In the 1830’s abolitionists discovered the rhetorical potential of re-conceptualizing southern newspaper advertisements as data. They “took an undifferentiated pile of ads for runaway slaves, wherein dates and places were of primary importance … and transformed them into data about the routine and accepted torture of enslaved people,” writes Ellen Gruber Garvey in the book Raw Data is an Oxymoron. By creating topical dossiers of ads, the horrors of slavery were catalogued and made accessible for writing abolitionist speeches and novels. The South’s own media had been re-contextualized into a persuasive weapon against itself, a rhetorical tool to bolster the abolitionists’ arguments.

The Latin etymology of “data” means “something given,” and though we’ve largely forgotten that original definition, it’s helpful to think about data not as facts per se, but as “givens” that can be used to construct a variety of different arguments and conclusions; they act as a rhetorical basis, a premise. Data does not intrinsically imply truth. Yes we can find truth in data, through a process of honest inference. But we can also find and argue multiple truths or even outright falsehoods from data.

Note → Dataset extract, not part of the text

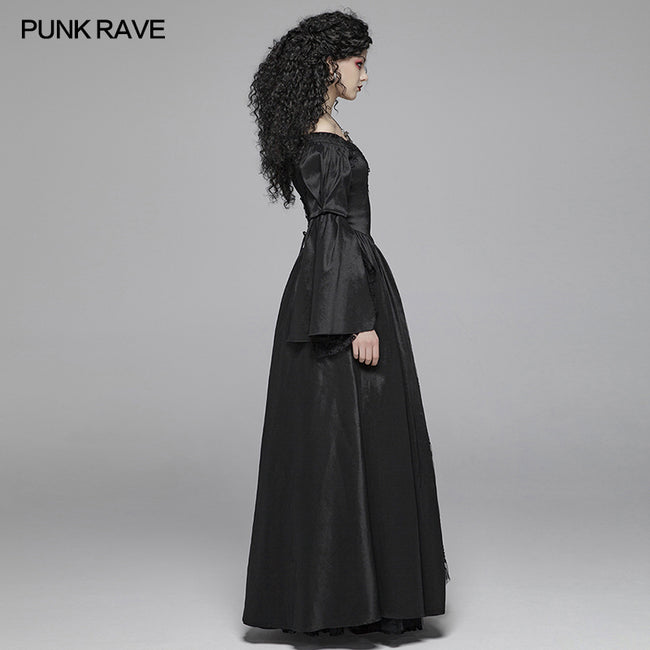Victorian Gothic Off The Shoulder Long Sleeve Lace-up Dresses– Punkravestore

Take for instance the New York Times interactive, “One Report, Diverging Perspectives,” which wittingly highlights this issue. Shown below, the piece visualizes jobs and unemployment data from two perspectives, emphasizing the differences in how a democrat or a republican might see and interpret the statistics. A rising tide of “data PR” often manifesting as slick and pointed infographics won’t be so upfront about the perspectives being argued though. Advocacy organizations can now collect their own data, or just develop their own arguments from existing data for supporting their cause. What should you be looking out for as a journalist when assessing a piece of data PR? And how can you improve your own data journalism by ensuring the argument you develop is a sound one?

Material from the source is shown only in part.